The schools no longer on the list are Bruce-Monroe Elementary in Northwest and John Burroughs and Smothers elementaries in Northeast; Ronald H. Brown Middle and Browne Middle, both in Northeast, and Shaw Middle in Northwest.

Fenty and Rhee said the revised plans were the result of hours of public comments from nine meetings and 23 public hearings since November. During those sessions, they were commended for seeking to pare down excess space in the 49,600-student school system, and they were the object of protests from parents who said the administration had overlooked safety issues and failed to consider the strength of academic programs.

The revised list reflects public feedback on the proposal but also is the result of Rhee's reexamination of the plan, said spokeswoman Mafara Hobson.

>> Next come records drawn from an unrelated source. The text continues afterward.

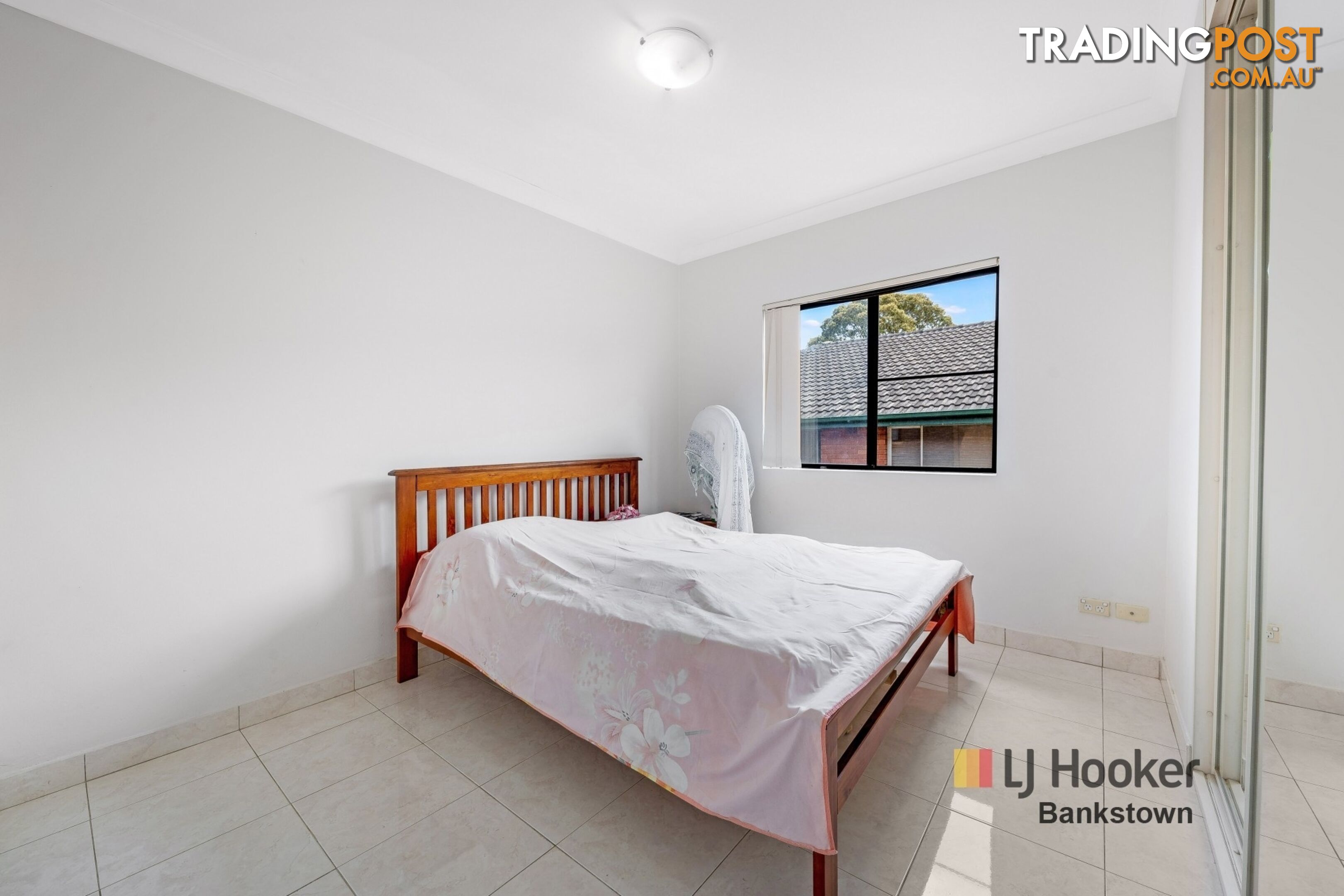 2/1063 Rossmore Avenue PUNCHBOWL NSW 2196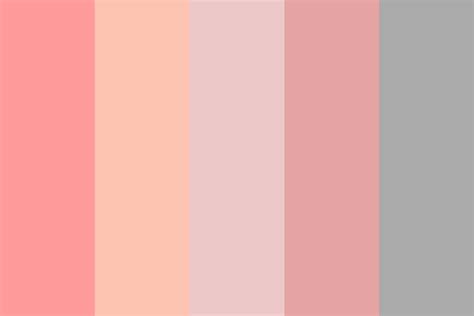 Soft Pastel Aesthetic Colors Color Palette, 51% OFF
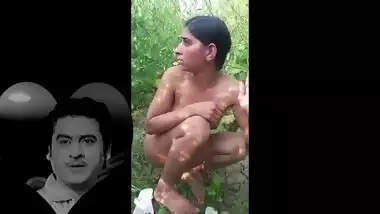 Village sex Love Romance part1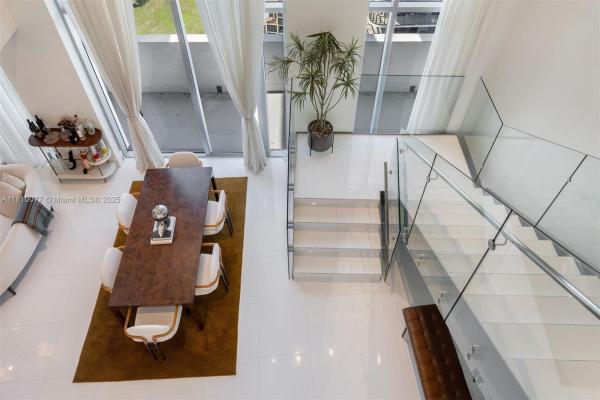 Four Midtown Miami, 3301 NE 1st Ave #PH7, Miami, Florida 33137, image 1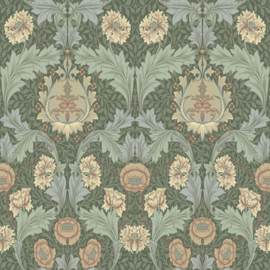 Dutch First Class Hidden Treasures 2 behang Myrtle 82059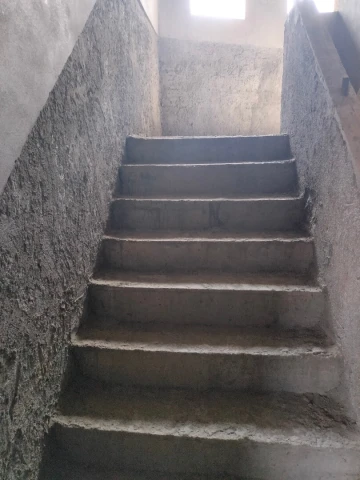 Vente Carcasse Béjaïa Bejaia 47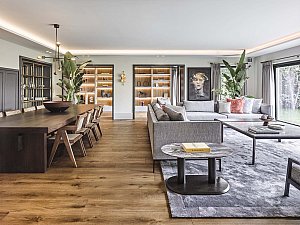 zekeriyakoy_escapefromsofa (25).jpg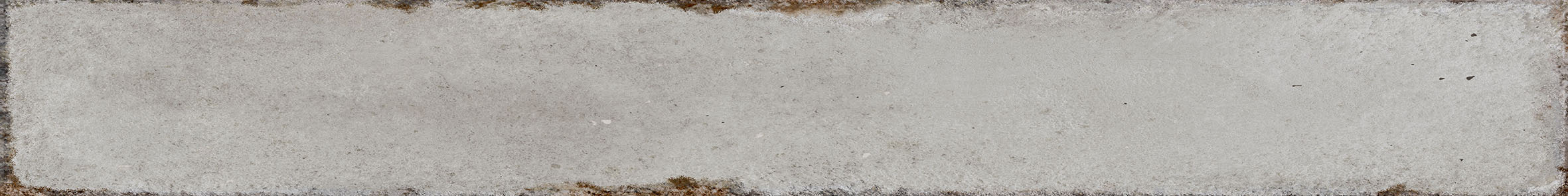 Cerdena Grigio 5x40 Monopole Ceramica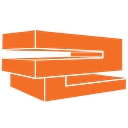 Dl Engineering Inc. logo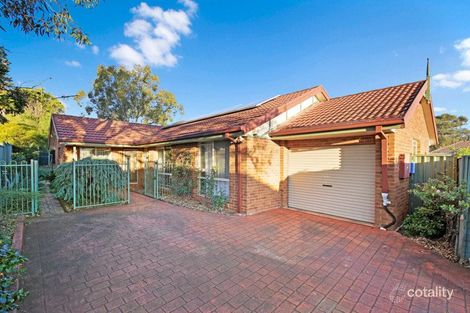 54 Broughton St, Old Guildford, NSW 2161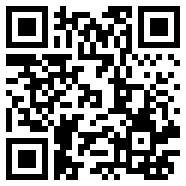 欲梦直播最新版v3.0.9安卓版软件下载安装破解版2026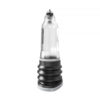 Bathmate-Hydromax-5-Penis-Pump-Clear-back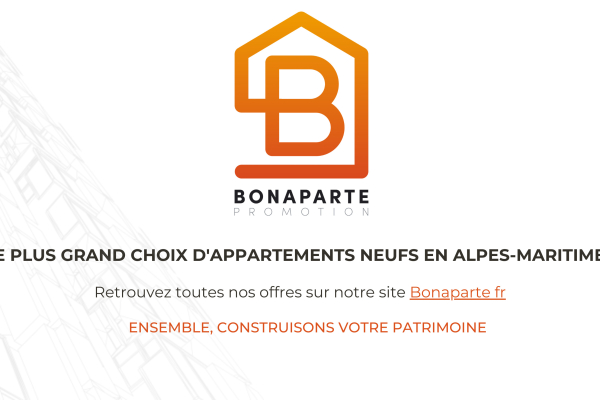 Appartement de luxe à vendre à Èze, 3 199 000 €, Photo 5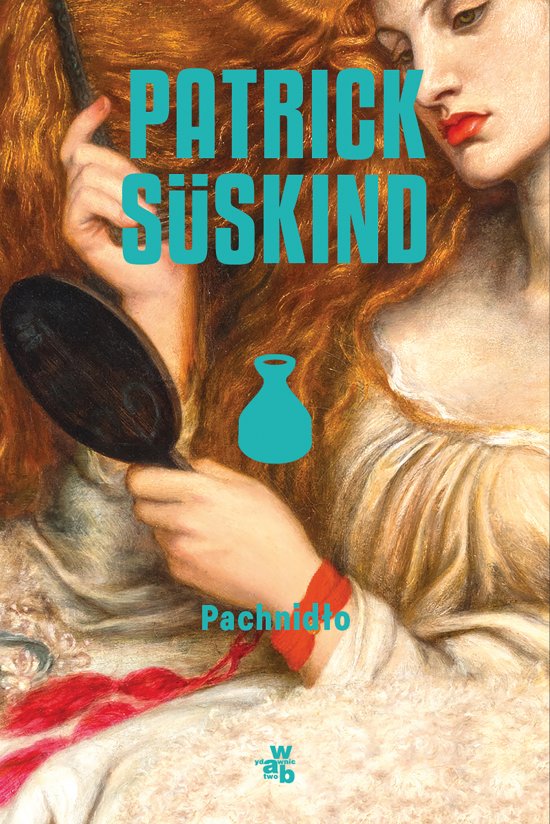 Pachnid�o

Fenty and Rhee did not give detailed reasons for adding or subtracting a school from the list. City education leaders previously have said that student enrollment and population trends were factors in the decision.

Unlike preceding school leaders, who proposed staggering closures over the next decade, Fenty and Rhee are sticking to their plans to shut 23 schools within a few years. Sixteen schools would close in June and seven closings would be spread over the next few years, Fenty said yesterday. More than 5,300 students attend the closing schools.

Officials have not announced what will happen to the schools, but Fenty said: "We will keep all the schools within the inventory of the D.C. government. We don't intend to sell any of them."

The revised plan drew fresh ire from parents with children at schools added to the list.

Yvette Moore, 41, who graduated from Merritt, as did her two older children, said she was considering sending her third child there but found it "amazing" to see the school on the to-be-closed list. She said it seems the school is being judged because of a few poorly performing students.

"I know a couple of kids are having some issues, but I'm still puzzled. It seems like most kids are doing okay," she said.

She said she does not like the idea of sending her son to Ronald H. Brown Middle School, the designated transfer school, which she said is in a dangerous neighborhood and is too far away for her son to walk there.